■ THE DATA:
——————————

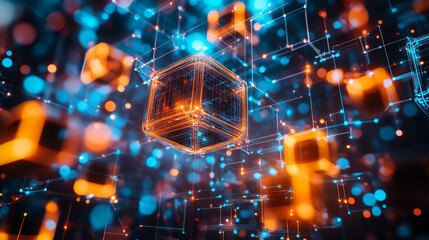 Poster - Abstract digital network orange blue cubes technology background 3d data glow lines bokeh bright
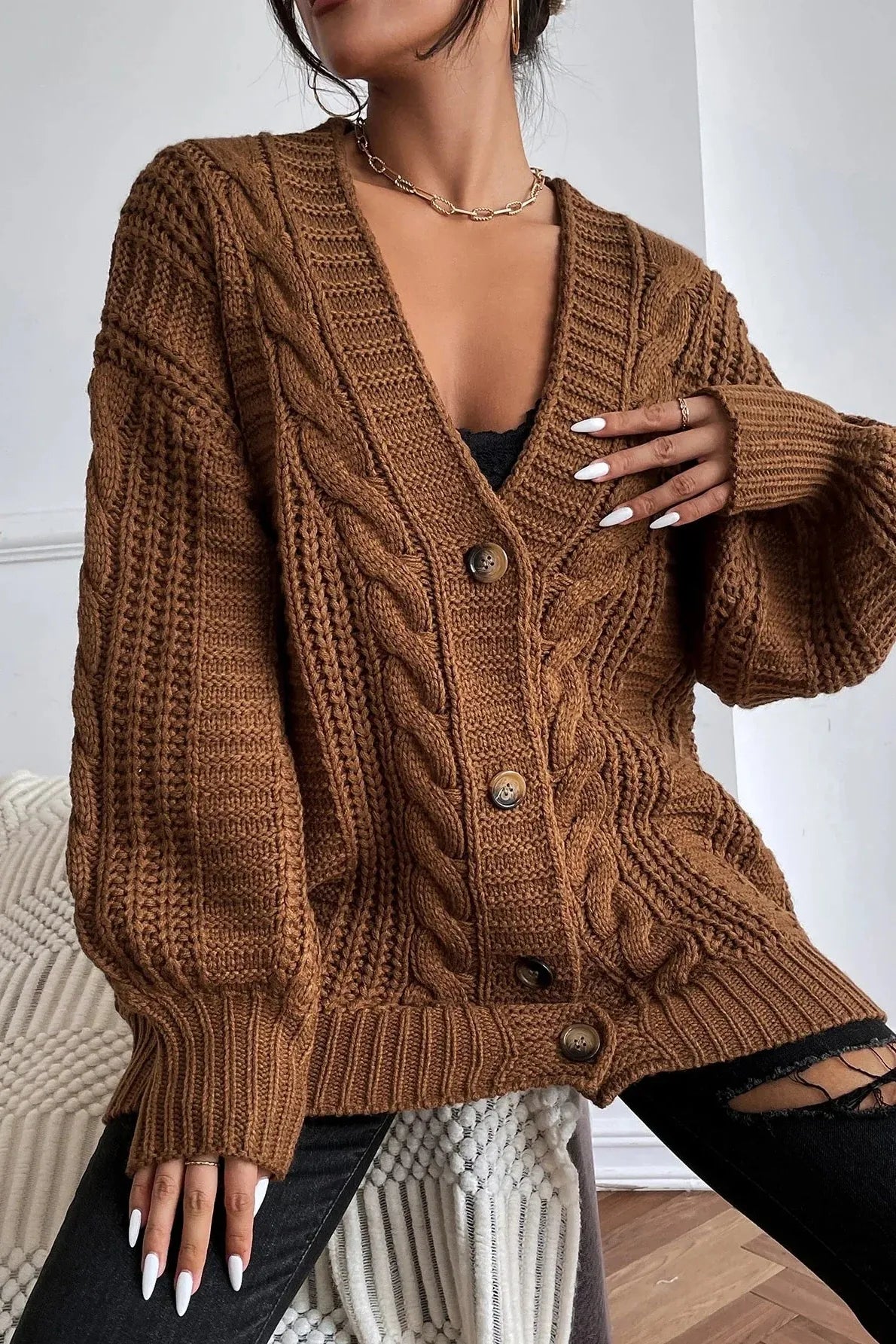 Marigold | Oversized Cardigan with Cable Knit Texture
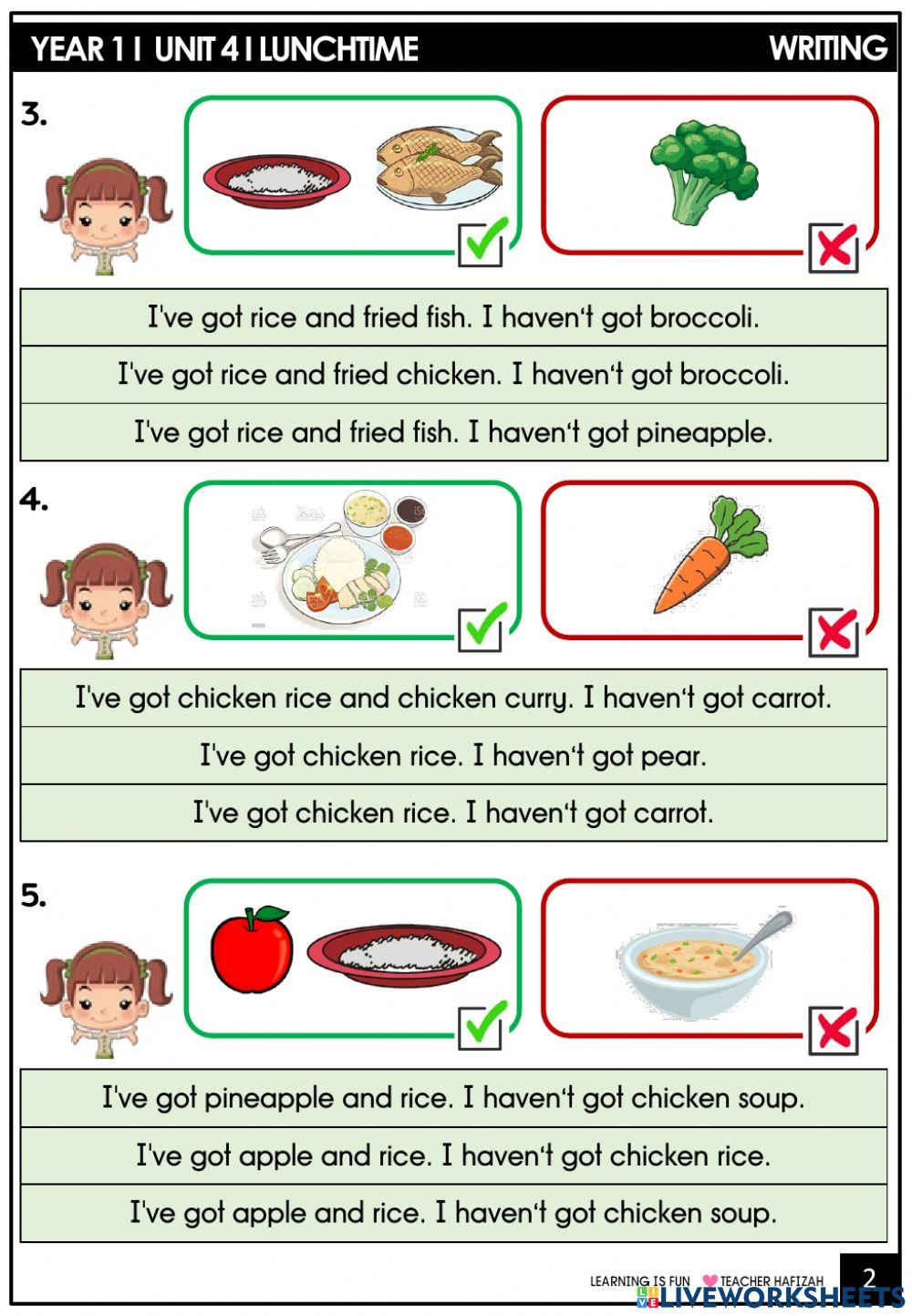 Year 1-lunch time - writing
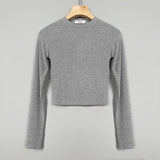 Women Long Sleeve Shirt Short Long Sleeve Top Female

——————————

■ WORK TO COMPLETE: The data above must be written out again word for word, without its pictures.

■ OUTPUT OF THE EXERCISE:
 Poster - Abstract digital network orange blue cubes technology background 3d data glow lines bokeh bright
 Marigold | Oversized Cardigan with Cable Knit Texture
 Year 1-lunch time - writing
 Women Long Sleeve Shirt Short Long Sleeve Top Female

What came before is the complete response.